Anybody can answer this question? Thanks!

[edit: escaped code]


#2

My guess is that it’s because you only have priors on A and B, not on Z. When you multiply two elements, their scales aren’t identified other than by the prior, since you can divide one and multiply the other. Putting the prior on A and B will favor small values, whereas any values of Z are equal for an improper uniform prior.

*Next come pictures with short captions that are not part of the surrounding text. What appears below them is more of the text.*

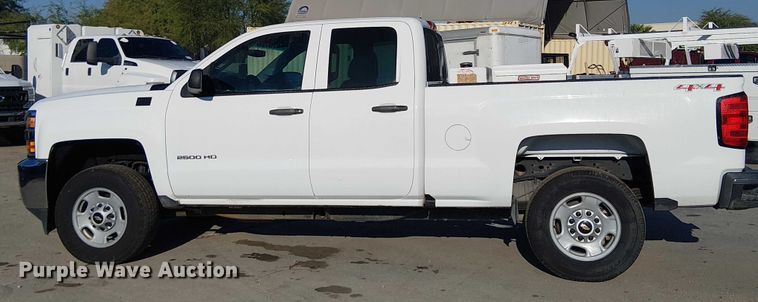 image for item EE4997 2016 Chevrolet Silverado 2500HD Double Cab pickup truck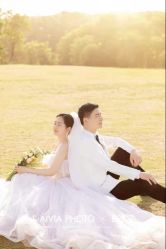 -雪中彩影婚纱摄影·微光艺术中心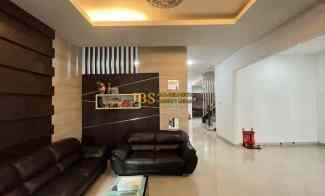 dijual villa komplek helios villas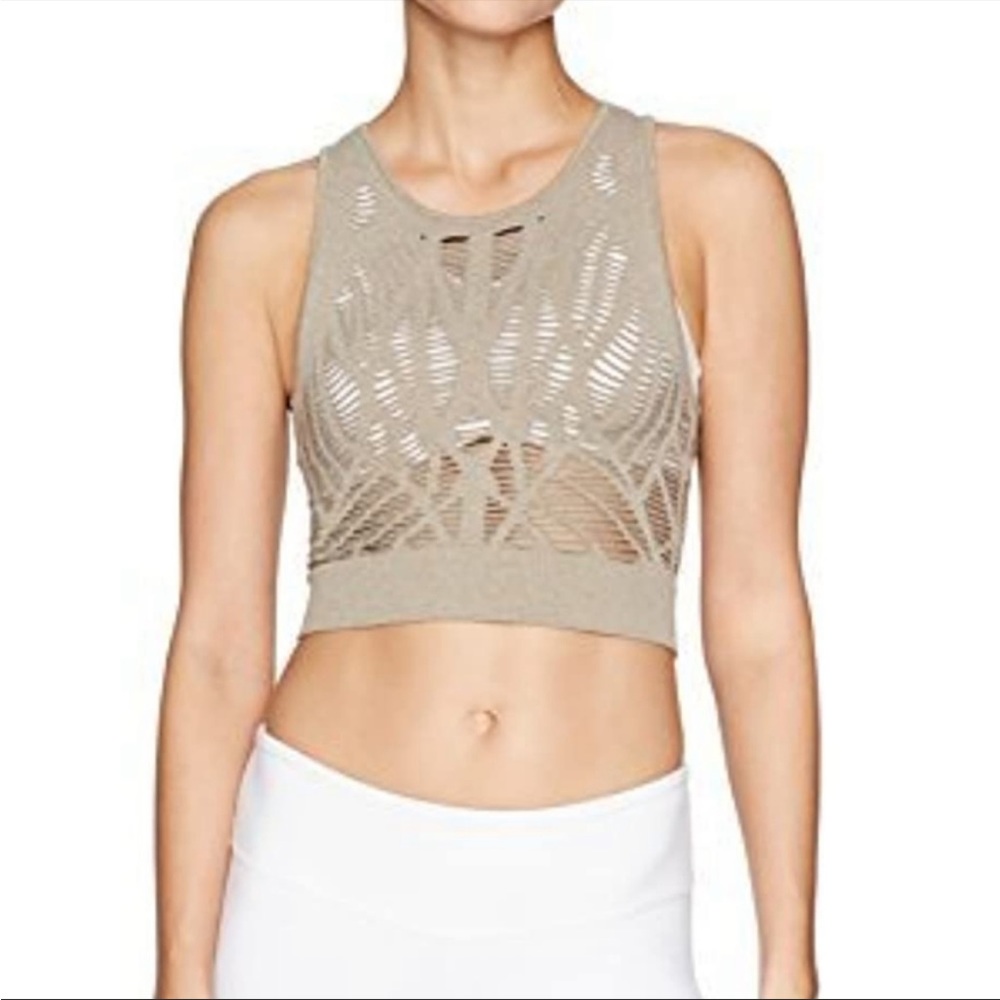 ALO YOGA Vixen fitted crop tank in CORAL. Size Small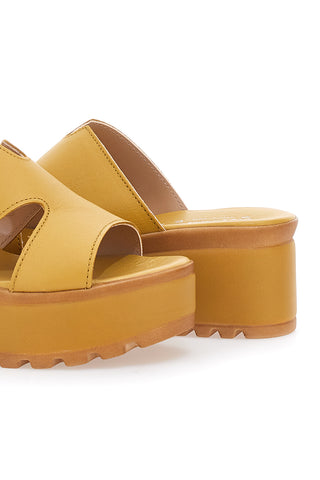 Ciabatte in vera pelle gialle PITTARELLO LOVE 3403101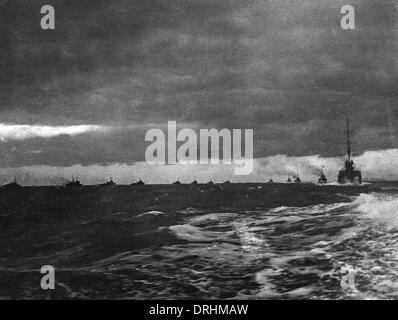 Flottille de bateaux au large de la côte d'Harwich, Essex, WW1 Banque D'Images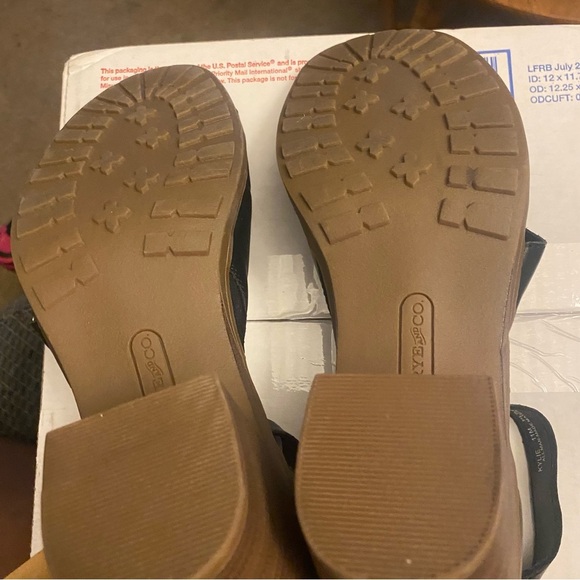 FRYE AND CO. Black Strappy Sandals 11 - Picture 4 of 7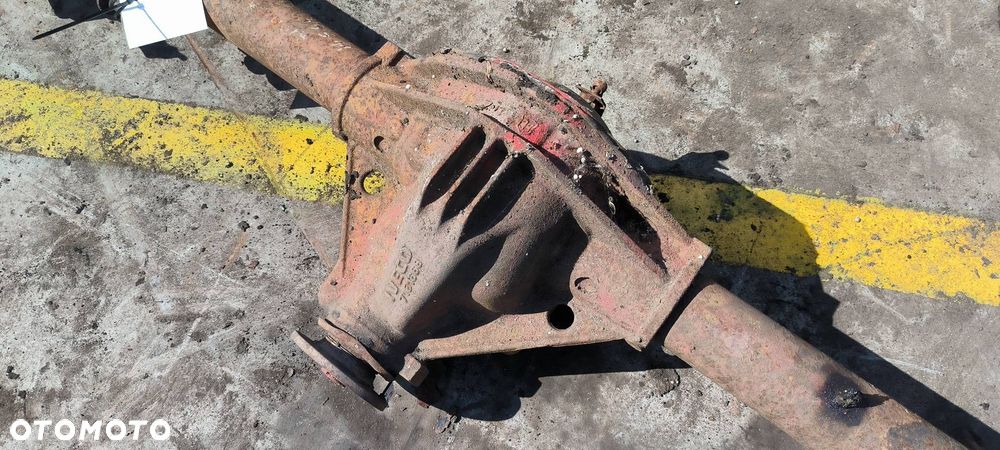 MOST TYLNY IVECO DAILY III 7181668 9/40 - 7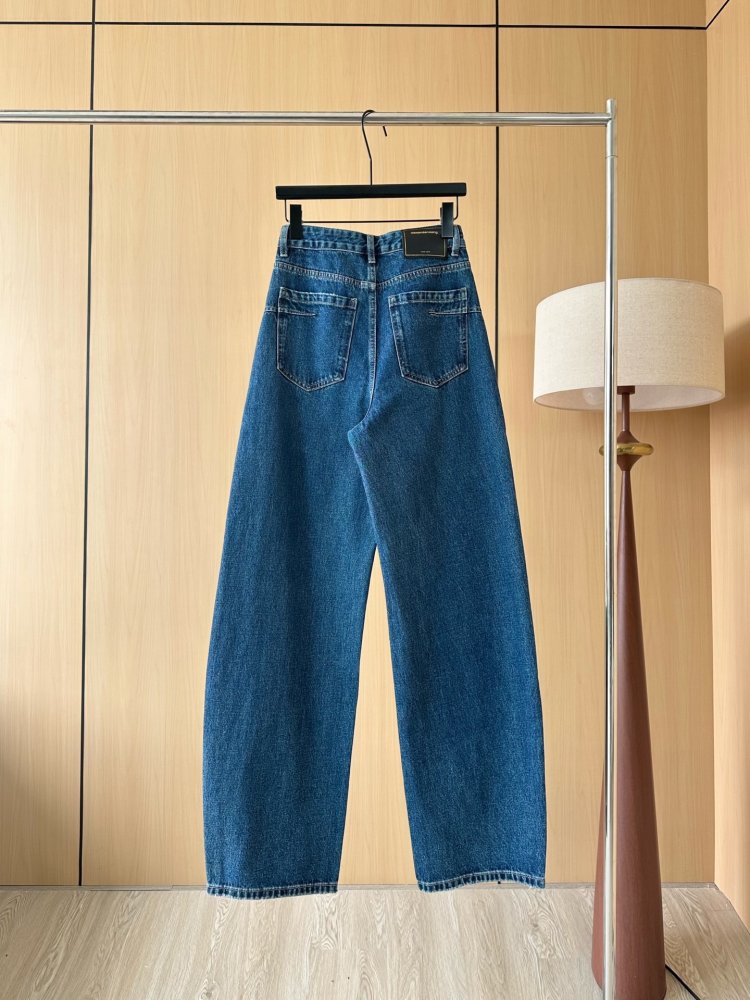 Джинсы женские фото 2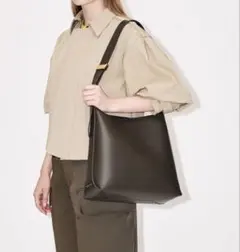 CHARLES & KEITH Edna エドナトートバッグのサムネイル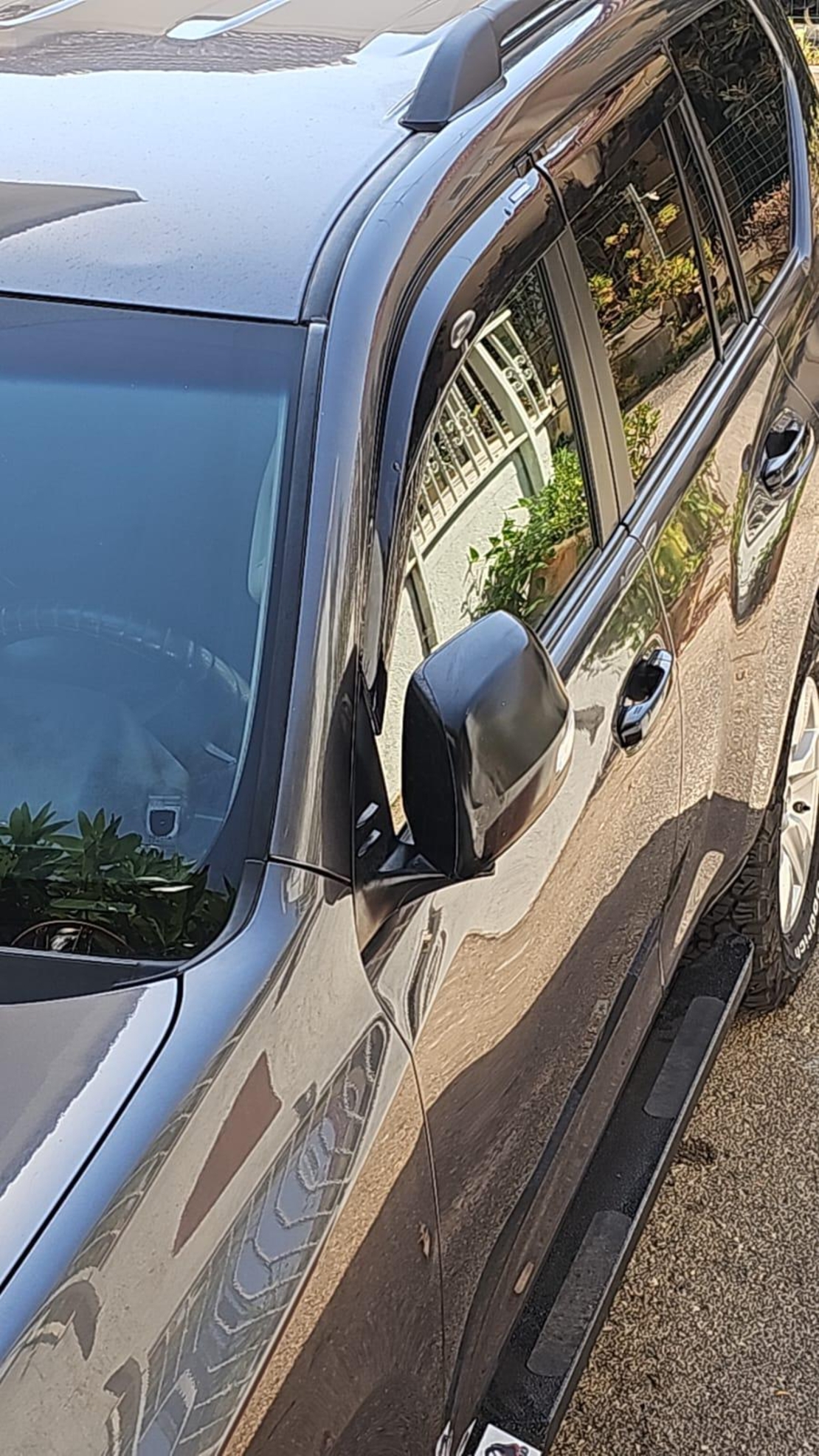מגני רוח OEM לטויוטה לנד קרוזר 2009-2024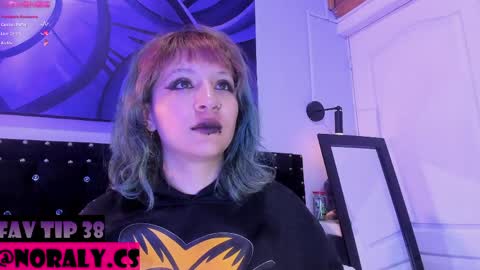 Snapshot of hey_noraly chatting on 05.29.26 Noraly online show from 05.29.26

Sometimes people put strong constraints on values like being unit length. Then the scale of one of the values is fully identified. Softer constraints tend to be a bit easier to compute with in most cases.


#3

Hi, Bob

Thank you so much for your comments. I tried to put a prior on Z and it solved the problem!